→ **TASK DESCRIPTION**
The answer is to be the lines below that lie between the line holding "On Minimalist Kolsuz" and the line holding "MEDM 스네이크 패턴 다운 재킷", inclusive, transcribed exactly and free of pictures.

Start of EXTRACTED ENTRIES

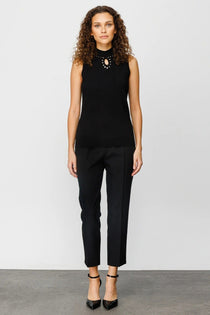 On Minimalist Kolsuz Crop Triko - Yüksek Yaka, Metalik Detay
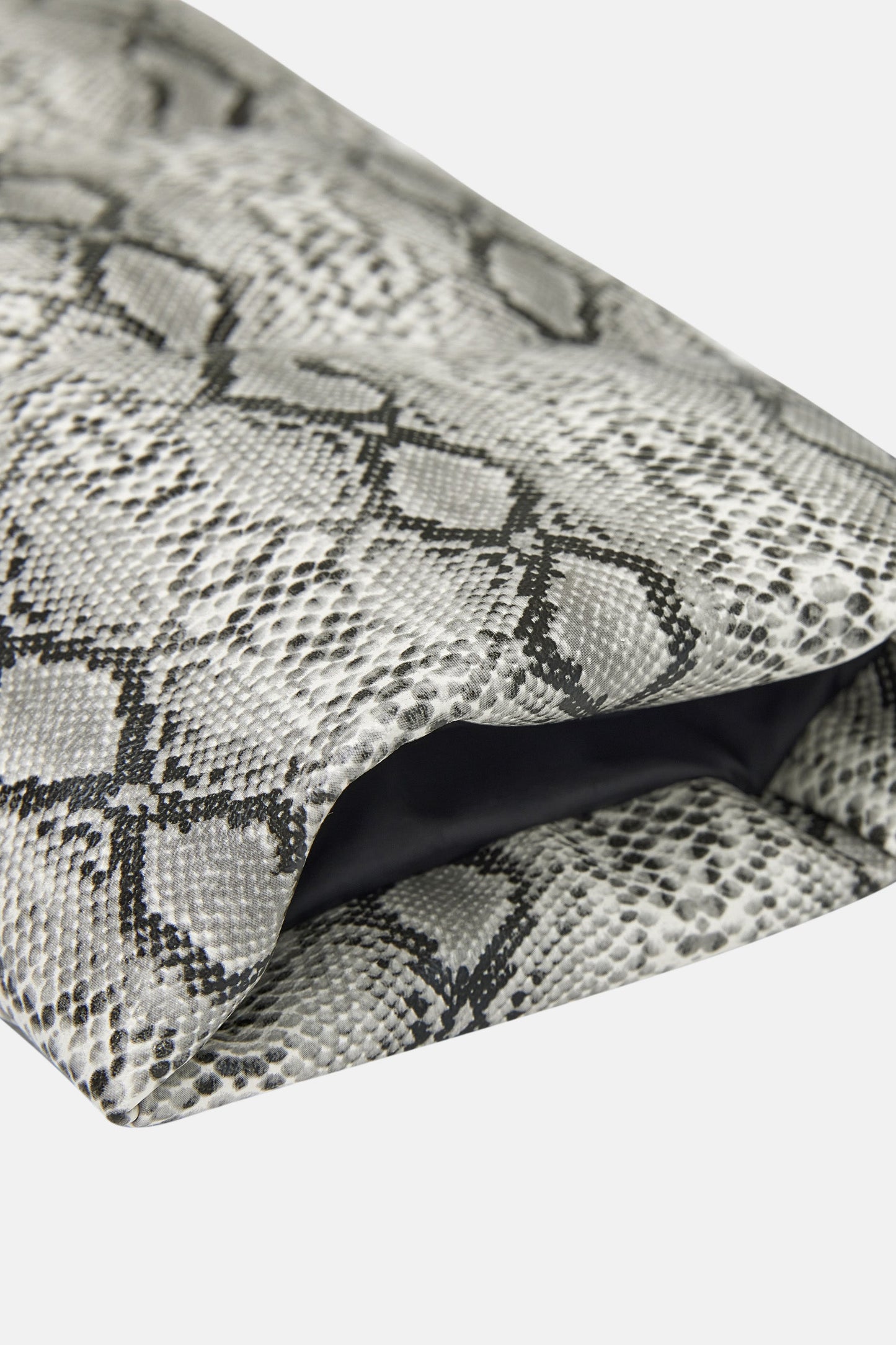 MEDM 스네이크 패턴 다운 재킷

End of EXTRACTED ENTRIES
Start of EXTRACTED ENTRIES

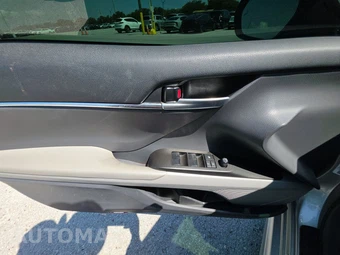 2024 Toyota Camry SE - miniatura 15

End of EXTRACTED ENTRIES

→ **EXERCISE OUTPUT**
 On Minimalist Kolsuz Crop Triko - Yüksek Yaka, Metalik Detay
 MEDM 스네이크 패턴 다운 재킷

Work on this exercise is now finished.